A LangGraph-based reflection agent that iteratively generates and refines high-quality prompts through self-critique and improvement cycles.
This project implements a reflection agent - an AI agent that improves its outputs by critiquing and refining them through multiple iterations. The agent consists of two specialized nodes working in tandem:
- Generation Node: Creates prompts based on user requirements and previous feedback
- Reflection Node: Analyzes generated prompts and provides constructive critique with specific improvement suggestions
This approach trades computational cost for output quality, making it ideal for tasks where precision and quality matter more than speed.

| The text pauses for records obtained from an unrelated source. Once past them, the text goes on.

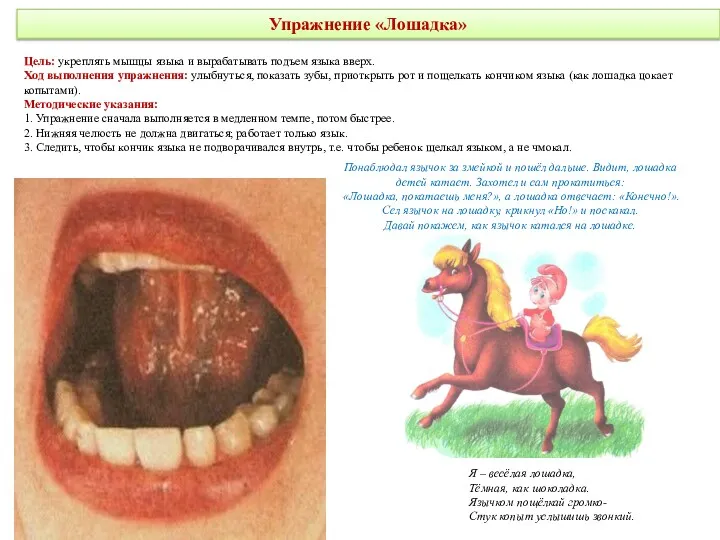 Упражнение «Лошадка» Цель: укреплять мышцы языка и вырабатывать подъем языка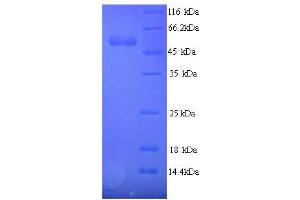 SDS-PAGE (SDS) image for Vascular Endothelial Growth Factor A (VEGFA) (AA 51-511) protein (His tag) (ABIN5713936)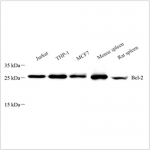 Anti-Bcl-2 Mouse mAb (100 μl)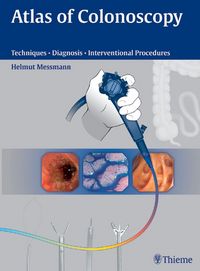 Produktbild: Atlas of Colonoscopy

This implementation is inspired by the reflection agent pattern described in the LangChain blog post on Reflection Agents.
Reflection is a prompting strategy that improves AI system quality by having models examine their past outputs and provide constructive feedback. This mirrors what cognitive scientists call System 2 thinking - deliberate, methodical reasoning rather than reactive responses.
The reflection process works through alternating generation and critique loops:
- Generate: The agent creates an initial output based on the user's request
- Reflect: A second pass analyzes the output, identifying weaknesses and areas for improvement
- Revise: Using the critique, the agent generates an improved version
- Repeat: This cycle continues for a specified number of iterations
By iteratively refining outputs and exploring multiple solution paths, reflection agents demonstrate significantly improved performance on complex reasoning and generation tasks.
- Iterative Refinement: Automatically improves prompts through multiple reflection cycles
- Structured Output: Uses Pydantic schemas for consistent, type-safe model outputs
- Token Tracking: Comprehensive token usage monitoring for both generation and reflection nodes
- LangSmith Integration: Full observability and debugging with LangSmith tracing support
- Conversation History: Maintains full context across iterations for coherent improvements
- Configurable: Adjustable model selection, temperature, and iteration limits
- Production-Ready: Clean architecture with proper error handling and Google-style documentation
- Python 3.10 or higher
- Google API Key (for Gemini models)
- Basic understanding of LangChain and LangGraph (helpful but not required)
- Clone the repository
git clone <repository-url>
cd ReflectionAgent- Create a virtual environment
python -m venv .venv
source .venv/bin/activate # On Windows: .venv\Scripts\activate- Install dependencies
pip install -r requirements.txt- Set up environment variables
Create a .env file in the project root:
GOOGLE_API_KEY=your_google_api_key_here
# Optional: Enable LangSmith tracing for debugging and monitoring
LANGCHAIN_TRACING_V2=true
LANGCHAIN_API_KEY=your_langsmith_api_key_here
LANGCHAIN_PROJECT=reflection-agentGet your Google API key from Google AI Studio.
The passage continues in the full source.